- Julia Stiles as Lumen Pierce
- First appearance: "Practically Perfect" (2010)
- Last appearance: "The Big One" (2010)
- Created by: Chip Johannessen
- Portrayed by: Julia Stiles

In-universe information
- Full name: Lumen Ann Pierce
- Gender: Female
- Significant other: Owen (ex-fiancé) Dexter Morgan (ex-boyfriend)

= Lumen Pierce =

Fictional character from the television series Dexter

Lumen Ann Pierce is a fictional character portrayed by Julia Stiles in the Showtime television series Dexter. Lumen is introduced in season 5, episode "Practically Perfect", as a survivor of serial killer Boyd Fowler. She remains for the rest of the season, and leaves following the season 5 finale, "The Big One".

In season 5, episode 5, "First Blood", Lumen is revealed to have been beaten and gang raped by a group of men, including Boyd Fowler. She witnesses Dexter Morgan kill Fowler, and thus becomes a key player in Dexter's life. Dexter rescues her, but initially thinks he has no choice but to kill her in order to eliminate a witness. He eventually decides to spare her life, however. To earn Lumen's trust, Dexter shows her the fate of Fowler's dead victims, tells her he saved her from the same fate, and confides his wife Rita was murdered by someone like Fowler.

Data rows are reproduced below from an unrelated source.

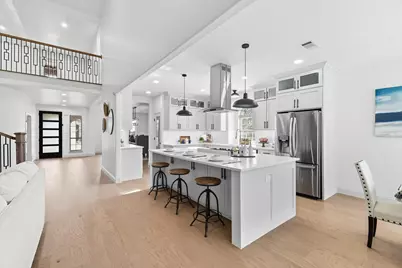 2250 Nocona Drive, Prosper, TX 75078 - Photo 19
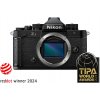 Nikon Z f telo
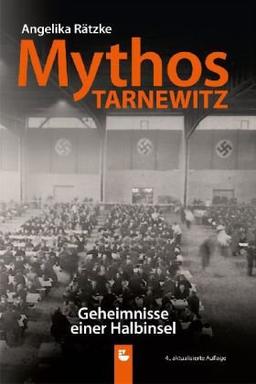 Mythos Tarnewitz: Geheimnisse einer Halbinsel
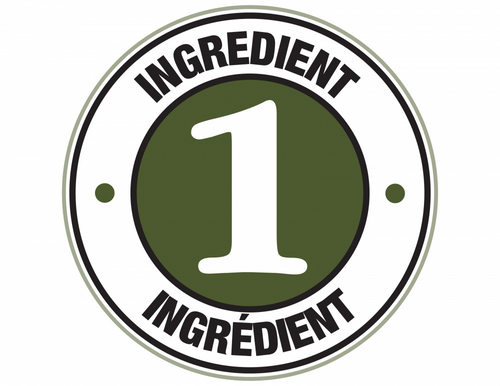 PureBites Freeze Dried Beef Liver Dog Treats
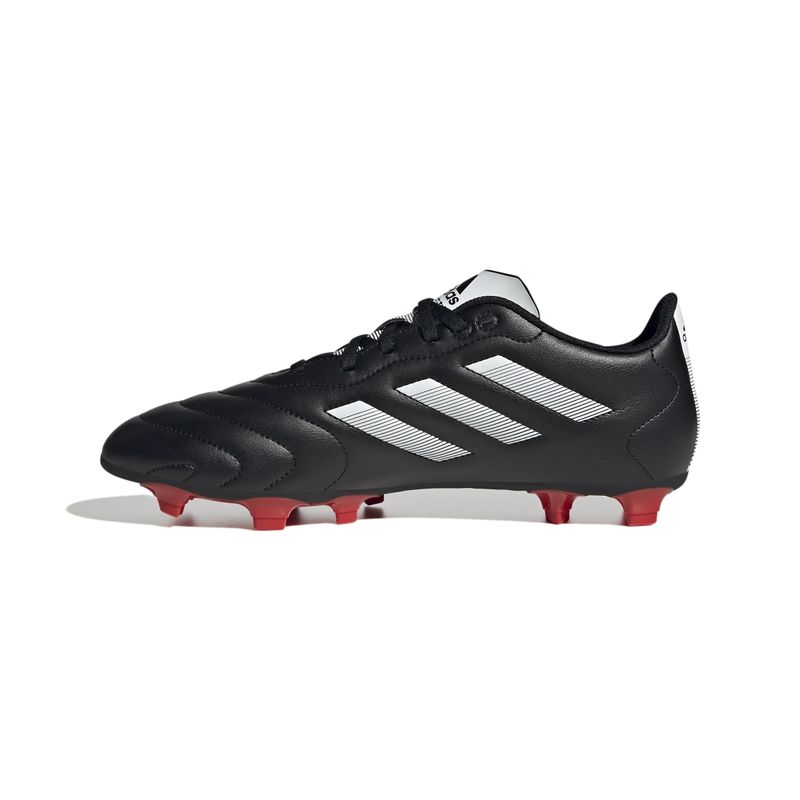 adidas-Goletto-VII-FG-Soccer-Cleat.jpg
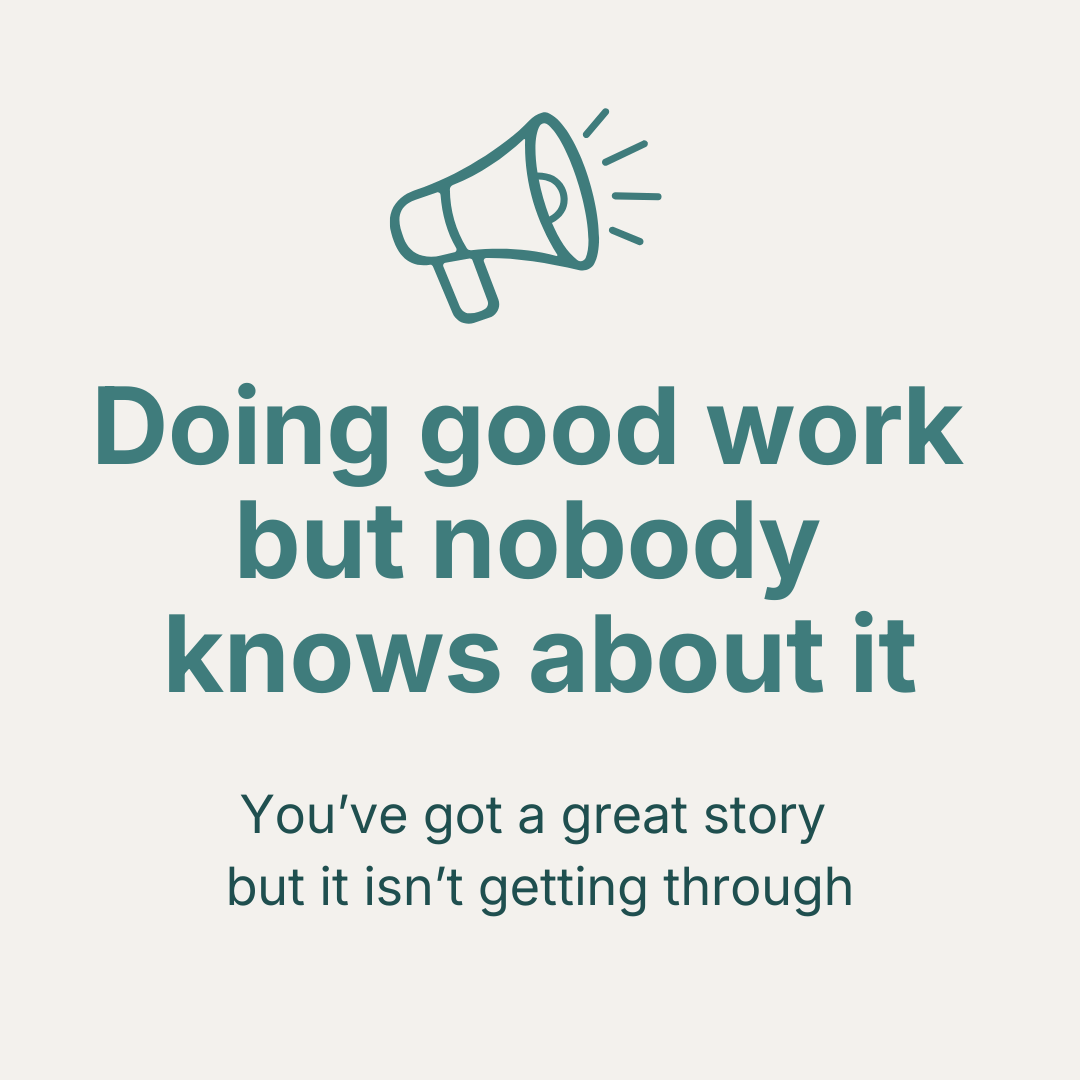Problem Tiles (1080 x 1080 px) (10).png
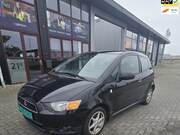 Mitsubishi Colt - 1.1 Inbusiness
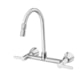 Misturador De Parede Para Cozinha Gali Cromado Docol - 3ee01e0e-18ef-4e05-9ab4-01da6dd0513b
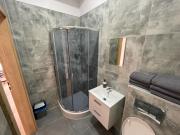 Top Grębocin Top Grębocin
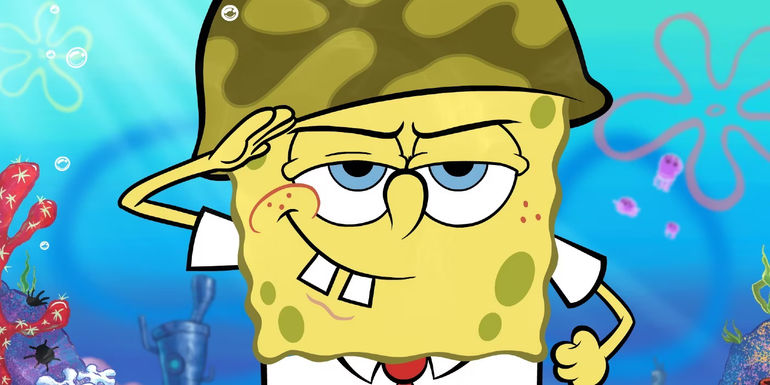 SpongeBob SquarePants Season 15: Latest Updates, Release Date, and Surprising Revelations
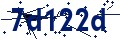 Code de sécurité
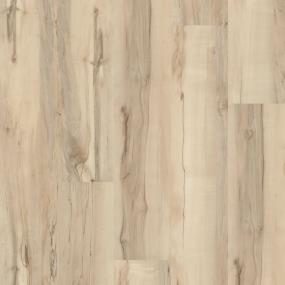 Tile Plank Aged Maple Light Finish Vinyl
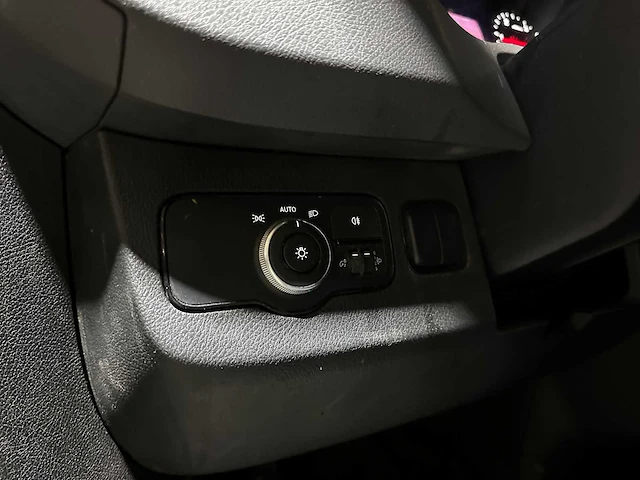 Mercedes-benz sprinter 314 2.2 cdi l3h2 functional euro vi-d 2019 org-nl, v-089-xj - afbeelding 6 van  35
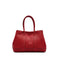 HERMES_GARDEN_TWILLY_TTPM_VERMILION_SWIFT_HAND_BAG_2006_SQUARE_J_90315018_japan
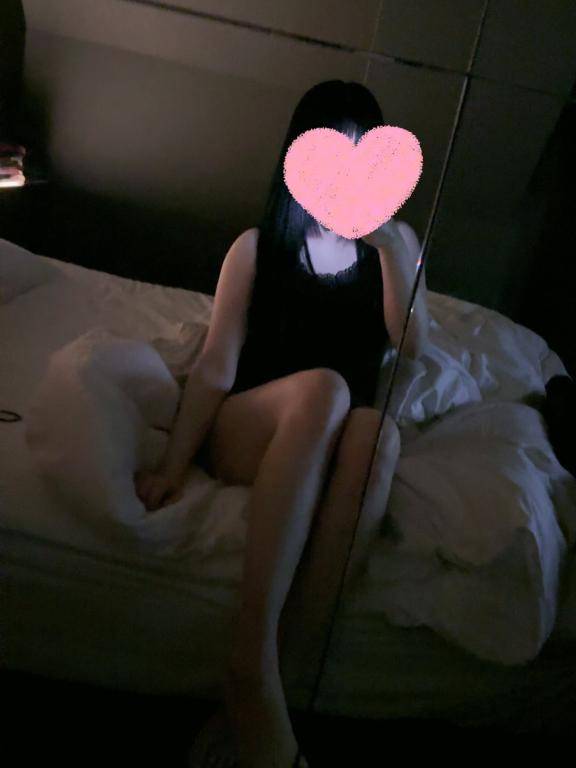 日曜ー！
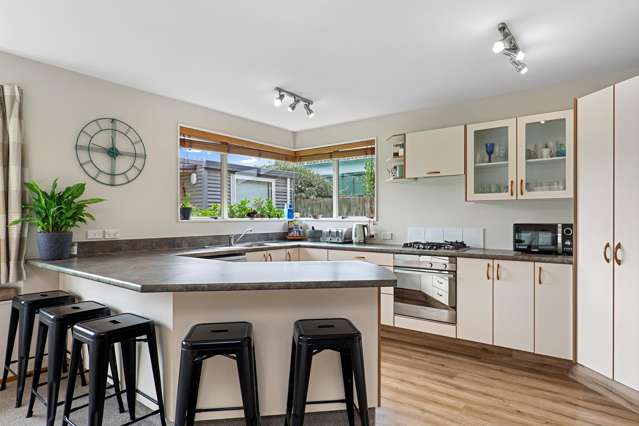 13 Oldham Place Darfield_4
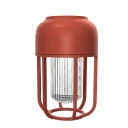 Houe LIGHT No.1 bærbar lampe Cayenne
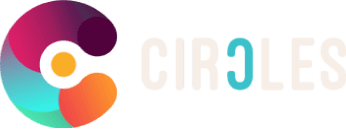 Circles Logo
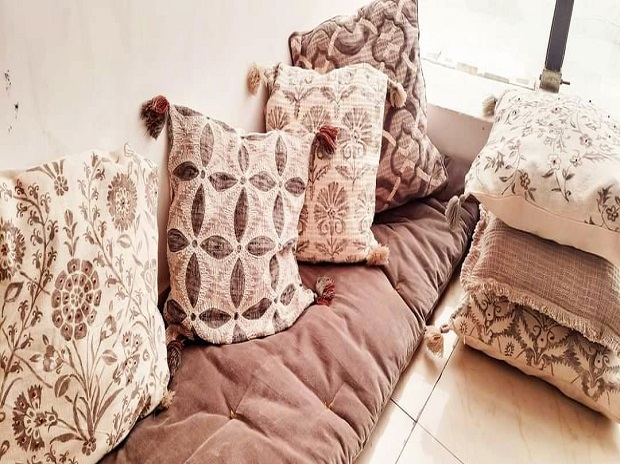 Graduation Show 2022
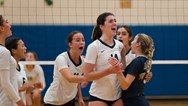 Girls volleyball: Can’t-miss matches of the week, Sept. 18-24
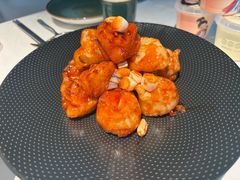 -大鸭梨烤鸭(望京店)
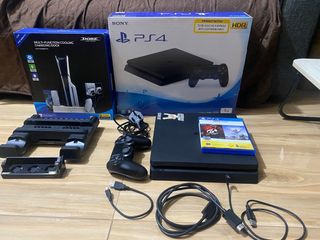 (Category: ) located in . Submitted by malou1223 (Listing ID 1330520488, Image 1). Description: .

Lumen asks Dexter to help her seek revenge against her abusers. He initially refuses, but after Lumen continues on her own and targets the wrong suspect, Dexter intervenes to teach her the importance of knowing a person is guilty before killing them. He entreats her to leave Miami; she agrees at first, but decides to stay after a pat-down at the airport triggers traumatic memories of her abuse. She goes out on her own and shoots one of her attackers, but panics, not knowing what to do with his body; she calls Dexter, who reluctantly helps her cover up the murder. That night, she tells him that killing the man brought her a sense of peace that she knows will not last; she believes she will have to kill all of her attackers to get over her abuse for good. Dexter realizes that she harbors a "Dark Passenger" much like his own, and agrees to help, in part to find his own closure following Rita's murder. The two then systematically hunt down and kill Lumen's abusers, and in the process become lovers. Lumen leaves Dexter in the season finale, however, after realizing she no longer feels the need to kill.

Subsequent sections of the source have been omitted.